I looked at Scotty in the sulfured light of the utility bulb mounted over the stoop. He was cute. His hair was haloed. A little cloud of bugs swirled above us, like an echo of his hair.
“Sure,” I said.
He smiled at me for a long moment. “Cool.” He kissed me.
I consider now that he might have been stoned out of his mind, that he might not have known how to respond to what I’d revealed. (What I’d revealed! And the ground did not open up, and the trees did not splinter and col
lapse, and the moon did not slip, and I did not explode.) But somehow he knew enough to open the door for me, and then let me go in, up to my room, alone. I figured that was perfect. It irritates me now that I needed to be desired in order to be able to tell, but I understand: if my shame emerged from the sense that I was dirty, ruined for love, then a person I could talk to would be one who looked at me and thought he might love me anyway.
But is this really true? Or was it that the words were welling up in me, as the season was, and it was only a matter of the right company on the path?

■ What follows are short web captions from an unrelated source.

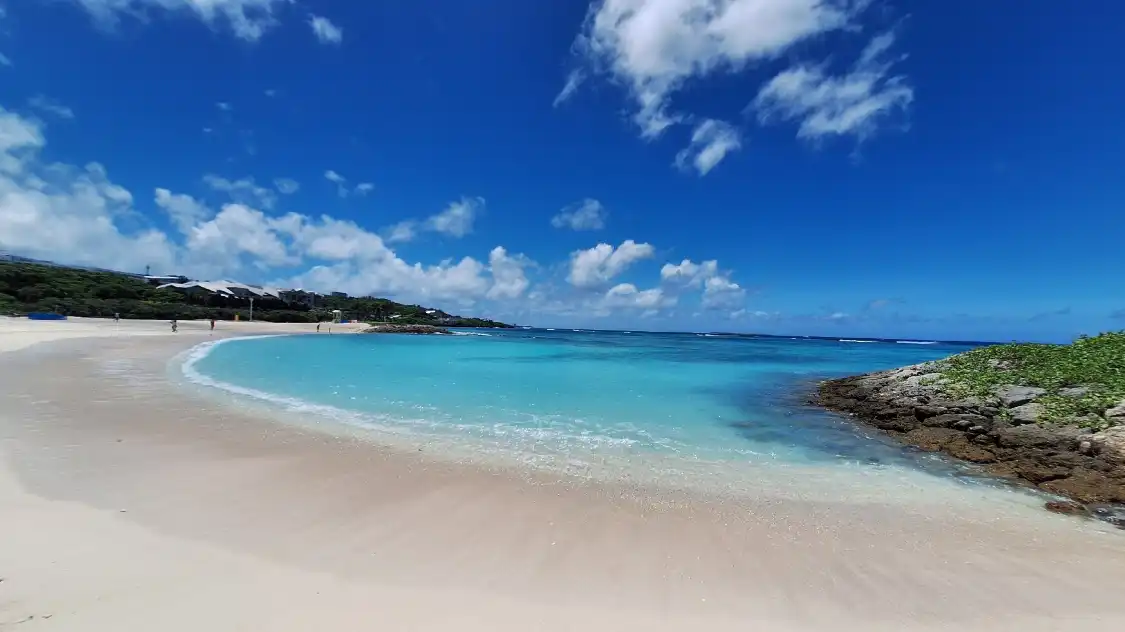 Hotels near Kokuei Okinawakinenkoen Emerald Beach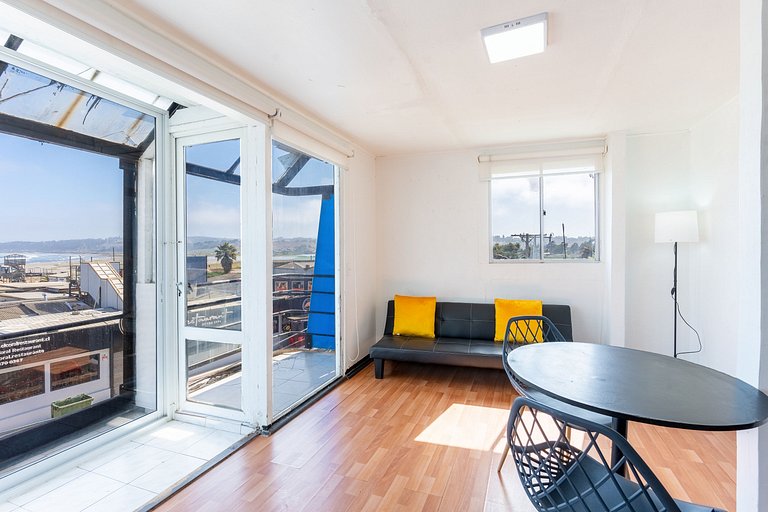 Departamento para 2 personas con vista al mar.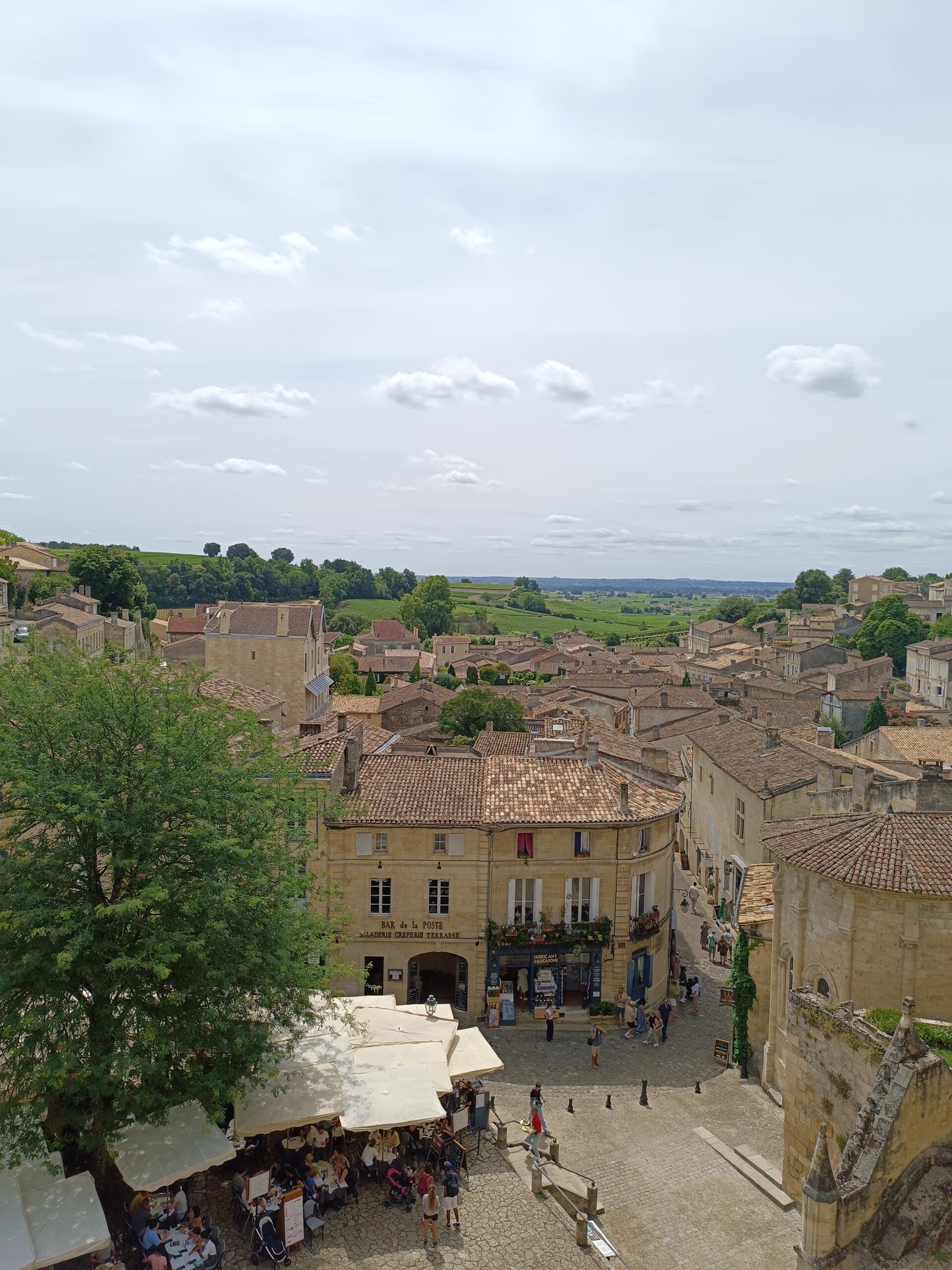 Descubre la Magia de Saint-Émilion: Un Viaje Encantador entre Historia, Vino y Belleza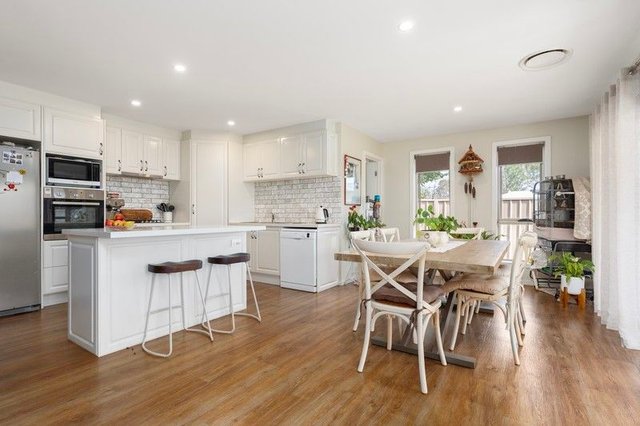 2/108 Pioneer Drive, NSW 2642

In any case, nothing more happened that night. I couldn’t have worked it out myself, but if you’d done the math—how to care for the girl I was just then—you’d have come out exactly there.
Years later, after I graduated from college and moved to California, I acquired a trained security dog, a sleek and leonine Belgian shepherd whose leash I would slipknot around my waist before going out for very long runs. I swore up and down that her fearsome presence had nothing to do with my personal safety. I just liked dogs, and I particularly liked this breed. We’d run for three or four hours without stopping. At that time in my life I liked to choose a difficult route and then double it—add a mountain, say, or every set of stadium stairs in the arena. I’d put some mad money in my sock, and off dog and I would go.
I learned that there wasn’t a contest I set for myself that I could not finish unless I made one critical mistake: to look up before the end. The moment I scanned the top of the hill, my legs lost their courage. The instant I saw the chutes at the finish of the marathon, my chest tightened like an asthma attack. The trick was to never know how close you were, because relief was the killer of drive.
With about two weeks remaining in the school year, my fifth-form spring at St. Paul’s, I finished a run in the woods, dropped a panting, leaf-dragging Raspberry back at Ms. Radley’s house, showered, grabbed a bite of supper, and headed for the library to continue studying for finals. I had exhausted myself on my exegesis for Reverend S., a grand thesis on the feminine aspects of the Holy Spirit for which I had drawn heavily on outside sources and even corresponded with an old professor of my mom’s from seminary, a classicist who preferred the Coptic Bible but would work from the ancient Greek if he had to. The resulting thirty-eight-page masterpiece, heavily footnoted, stacked and stapled and multiply blessed, felt as weighty to me as a slab of my own flesh. I was sure Reverend S. would be knocked out. I had calculus nailed; French would be fine; English was always fine. Eutrophication of lakes and streams for Environmental Science? No problem. I could formulate acid rain in my sleep. The year was mine. The cast was off my hand, but I’d gotten good at writing left-handed anyway; my right thumb was so weak it was easier to do so. I was happy to shower properly. Scotty knew, when he took my hand, to approach from the left.